The Day visited medical frontlines together with doctors of the Pirogov First Volunteer Mobile Hospital
22 June, 17:47
Photo by Artem SLIPACHUK, The Day

The presence of troops in a particular area provides not only a means of defense, but also a means of influence. According to Yurii Fomenko from Dnipro, “Efficiency of an area command can be determined by the local population’s opinion of the troops.” Provocative attacks, shellings, bloodshed, and casualties among soldiers and civilians alike form the background for extremely nervous reactions of ordinary citizens. Still, either the local population becomes an asset that will help you, or you will always feel the chill behind your back. While the soldier is in any case armed when facing people, the doctor is obviously there to help them.

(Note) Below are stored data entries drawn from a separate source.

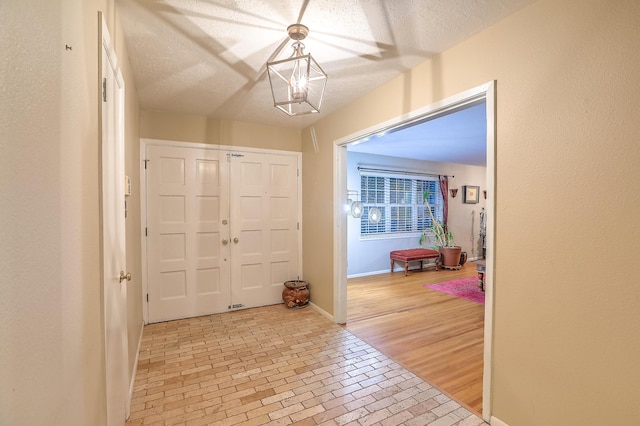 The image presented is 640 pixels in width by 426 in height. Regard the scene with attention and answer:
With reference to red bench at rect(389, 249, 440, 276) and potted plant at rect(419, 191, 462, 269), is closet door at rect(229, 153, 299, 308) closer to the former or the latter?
red bench at rect(389, 249, 440, 276)

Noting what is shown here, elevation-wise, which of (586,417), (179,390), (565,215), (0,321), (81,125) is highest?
(81,125)

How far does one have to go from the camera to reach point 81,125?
3.31 feet

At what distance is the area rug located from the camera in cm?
432

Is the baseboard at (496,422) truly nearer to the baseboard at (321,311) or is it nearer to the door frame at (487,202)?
the door frame at (487,202)

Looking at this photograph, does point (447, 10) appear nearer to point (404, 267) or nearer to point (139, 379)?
point (139, 379)

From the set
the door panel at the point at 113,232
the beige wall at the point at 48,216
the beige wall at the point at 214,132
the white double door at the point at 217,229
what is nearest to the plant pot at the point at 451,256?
the white double door at the point at 217,229

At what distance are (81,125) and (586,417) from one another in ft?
8.25

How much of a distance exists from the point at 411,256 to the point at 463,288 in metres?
1.17

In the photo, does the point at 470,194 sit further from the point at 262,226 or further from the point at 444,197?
the point at 262,226

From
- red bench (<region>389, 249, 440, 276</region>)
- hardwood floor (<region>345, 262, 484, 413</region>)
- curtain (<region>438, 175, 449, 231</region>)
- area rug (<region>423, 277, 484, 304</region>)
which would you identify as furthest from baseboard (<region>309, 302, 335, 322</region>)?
curtain (<region>438, 175, 449, 231</region>)

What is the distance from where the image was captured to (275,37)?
6.21ft

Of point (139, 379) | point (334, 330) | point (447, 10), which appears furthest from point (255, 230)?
point (447, 10)

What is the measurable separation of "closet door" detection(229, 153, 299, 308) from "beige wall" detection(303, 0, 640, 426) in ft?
8.19

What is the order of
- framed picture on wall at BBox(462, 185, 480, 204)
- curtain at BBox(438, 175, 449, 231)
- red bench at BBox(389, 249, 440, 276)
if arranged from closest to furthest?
1. red bench at BBox(389, 249, 440, 276)
2. curtain at BBox(438, 175, 449, 231)
3. framed picture on wall at BBox(462, 185, 480, 204) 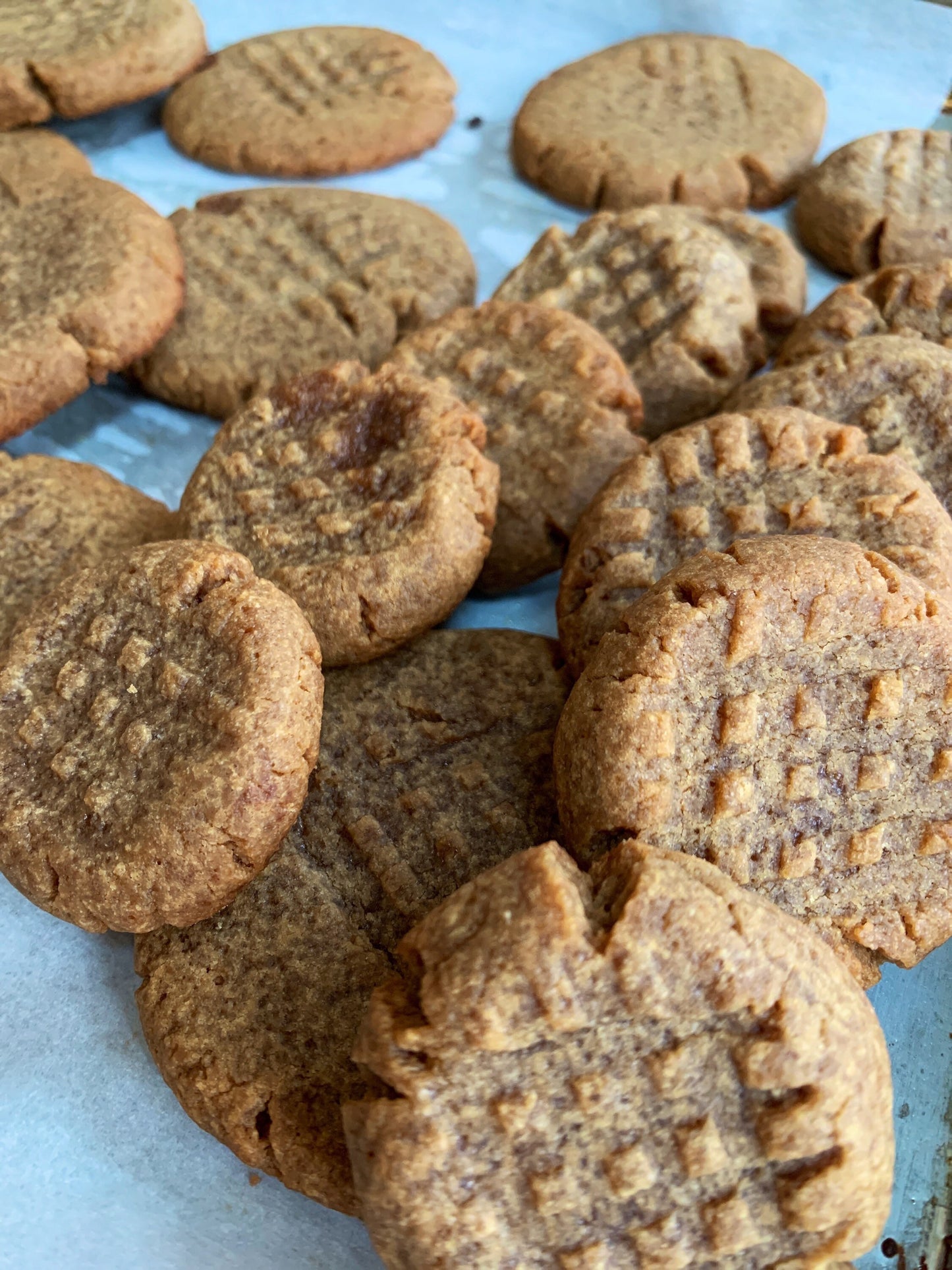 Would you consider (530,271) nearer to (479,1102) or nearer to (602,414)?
(602,414)

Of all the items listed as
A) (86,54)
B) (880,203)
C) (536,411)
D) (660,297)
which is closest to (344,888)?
(536,411)

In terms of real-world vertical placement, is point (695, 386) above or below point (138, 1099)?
Answer: above

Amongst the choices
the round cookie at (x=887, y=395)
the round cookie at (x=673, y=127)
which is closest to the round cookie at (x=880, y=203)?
the round cookie at (x=673, y=127)

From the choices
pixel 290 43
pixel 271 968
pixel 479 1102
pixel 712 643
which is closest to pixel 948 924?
pixel 712 643

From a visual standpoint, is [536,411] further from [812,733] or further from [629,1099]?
[629,1099]

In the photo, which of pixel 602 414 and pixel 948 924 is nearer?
pixel 948 924

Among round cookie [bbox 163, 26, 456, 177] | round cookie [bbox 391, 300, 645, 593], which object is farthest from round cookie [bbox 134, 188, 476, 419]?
round cookie [bbox 391, 300, 645, 593] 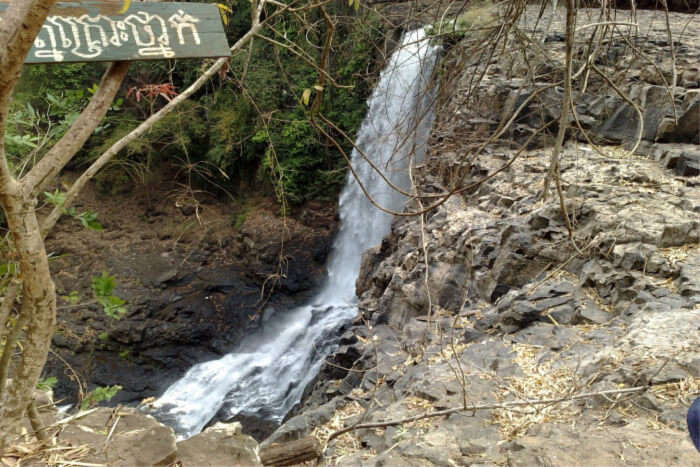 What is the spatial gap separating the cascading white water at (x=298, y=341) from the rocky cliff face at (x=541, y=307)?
1.39m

The periphery suffers from a lack of quality health care. When the war started in eastern Ukraine, doctors almost disappeared altogether from the areas adjacent to the war zone. “You can skip meals,” says a resident of Popasna, “but you just cannot stay untreated when experiencing severe pain.” Since the beginning of the war, doctors of the Pirogov First Volunteer Mobile Hospital (FVMH) have taken it on themselves to fill the void of frontline health care. Eventually, and totally predictably, their mission went beyond evacuating the wounded, providing first aid and conducting surgeries. The doctors’ job in the Donbas is ideological as well. They work with minds and souls. The locals’ minds are largely clouded by Russian propaganda, while their souls are pierced by the pain of losses and human tragedy brought by the war.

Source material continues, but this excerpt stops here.